Shiao competed with the team that won the bronze medal at the 2019 Asian Championships. He then competed at the World Artistic Gymnastics Championships held in Stuttgart, Germany, where the team placed eighth in the qualification round and qualified a team for the Olympic Games for the first time since 1964. The team also qualified for its first-ever team final, and they finished sixth.

Shiao was selected to represent Chinese Taipei at the 2020 Summer Olympics alongside Hung Yuan-hsi, Lee Chih-kai, and Tang Chia-hung. The team finished 10th in the qualification round, making them the second reserve for the team final.
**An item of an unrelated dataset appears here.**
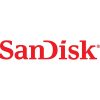 Sandisk 00139717 256GB USB3.0 Cruzer Ultra Flash Drive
Shiao won the pommel horse bronze medal at the 2022 Paris World Challenge Cup, behind Rhys McClenaghan and Nariman Kurbanov. He then won the pommel horse silver medal at the Szombathely World Challenge Cup, behind Kurbanov. At the Mersin World Challenge Cup, he won the pommel horse gold medal and won the overall World Challenge Cup pommel horse title.

At the 2023 Doha World Cup, Shiao won the pommel horse bronze medal. He then competed at the World University Games and won the pommel horse bronze medal. Then at the Asian Games, he helped the team win the bronze medal, and he placed fourth in the pommel horse final.

Shiao won the pommel horse bronze medal at the 2024 Baku World Cup. He then won another bronze medal at the Szombathely World Challenge Cup. At the 2025 Cottbus World Cup, Shiao won his first World Cup title in three years.